System Design: Load Balancing Strategies and Algorithms

Load balancing distributes incoming network traffic across multiple backend servers to ensure no single server bears too much demand. In distributed systems, it's the traffic cop that keeps your...

Key Insights

  • Load balancing algorithm choice depends on your workload characteristics—stateless services benefit from round robin simplicity, while stateful applications need session-aware strategies like IP hash or least connections.
  • Layer 4 load balancing offers better performance with lower latency, but Layer 7 provides content-aware routing essential for modern microservices architectures.
  • Health checks are only as good as their configuration—aggressive intervals catch failures faster but increase overhead, while lenient thresholds risk routing traffic to degraded instances.

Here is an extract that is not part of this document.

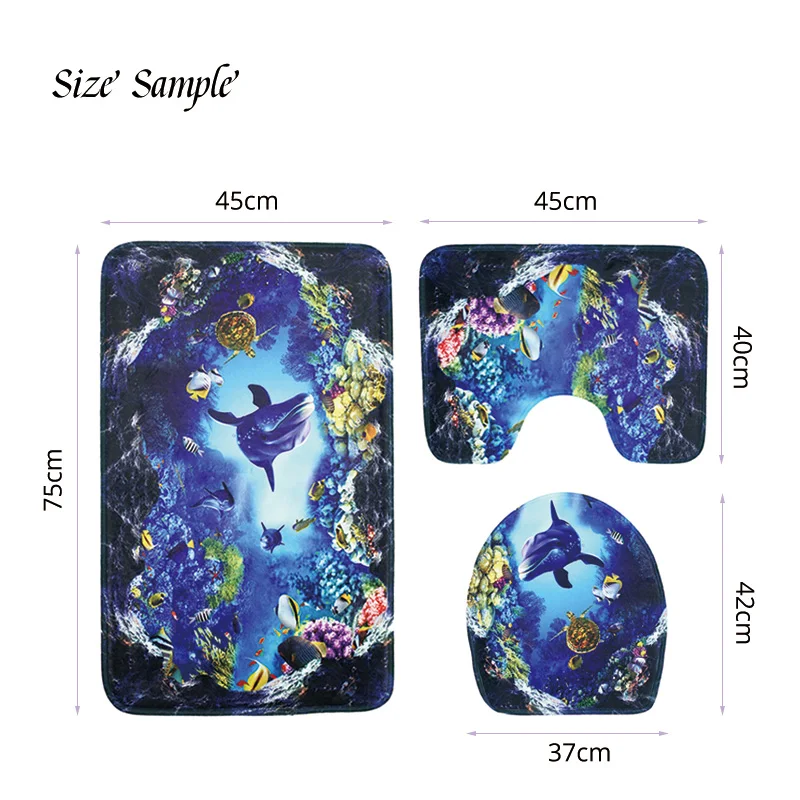 3 шт. Океанский подводный мир коврик для ванной фланелевый набор туалетных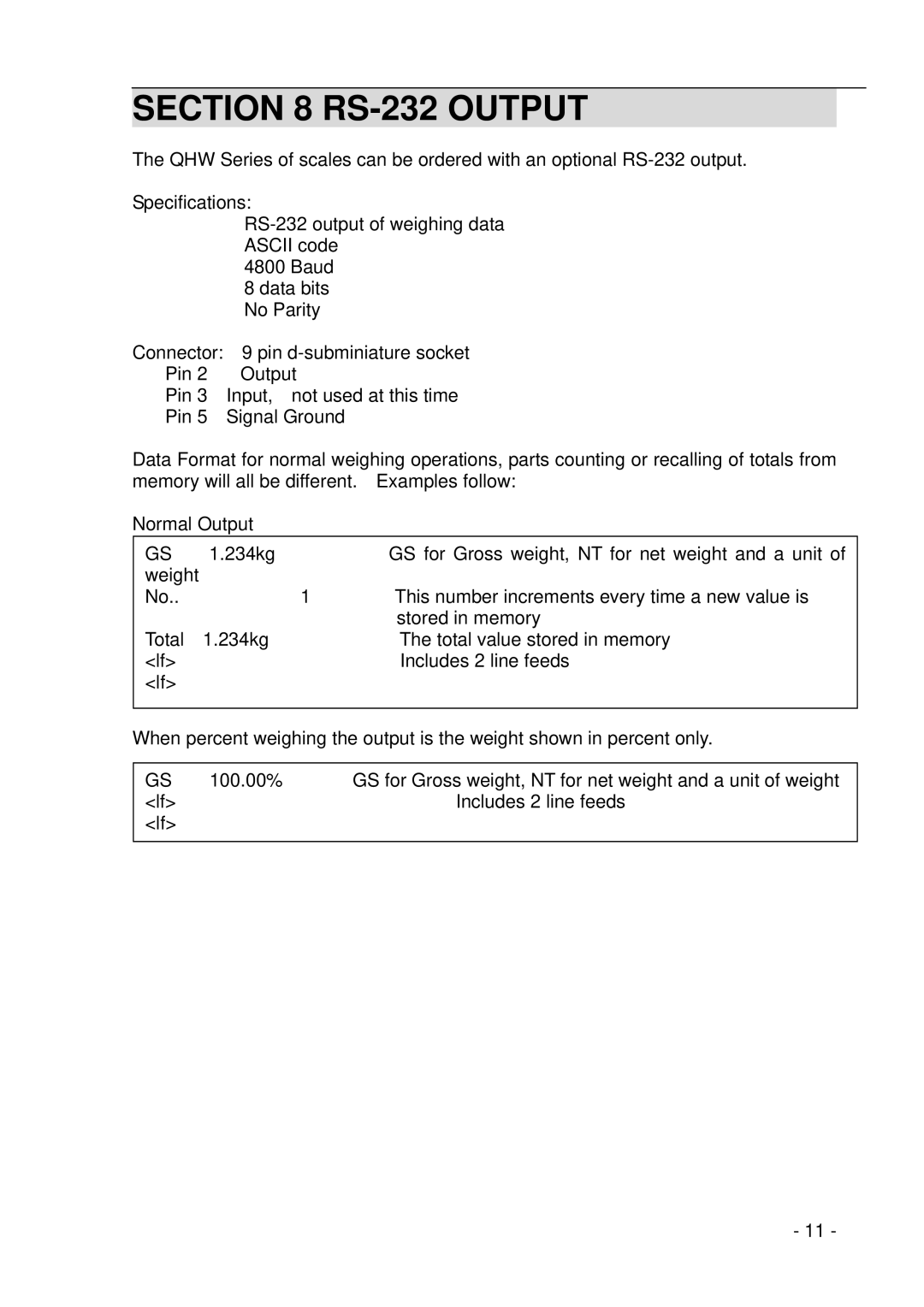 LG Electronics QHW 30, QHW 6, QHW 15 manual RS-232 Output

Introduction to Load Balancing

Load balancing distributes incoming network traffic across multiple backend servers to ensure no single server bears too much demand. In distributed systems, it’s the traffic cop that keeps your application responsive under varying loads.

The benefits are straightforward: availability improves because traffic routes around failed servers, scalability becomes achievable by adding more servers behind the balancer, and fault tolerance emerges naturally when no single point of failure exists in your compute layer.

In a typical architecture, load balancers sit between clients and your application servers. You might have multiple tiers—a global load balancer directing traffic to regional clusters, each with their own local balancers distributing requests to application instances. Understanding where and how to deploy them determines your system’s resilience.

Load Balancing Algorithms

Choosing the right algorithm impacts both performance and reliability. Here are the four algorithms you’ll encounter most often, with implementations you can adapt.

Round Robin cycles through servers sequentially. It’s simple and works well when servers have identical capacity and requests have uniform processing costs.

Weighted Round Robin extends this by assigning weights based on server capacity. A server with weight 3 receives three times the traffic of a server with weight 1.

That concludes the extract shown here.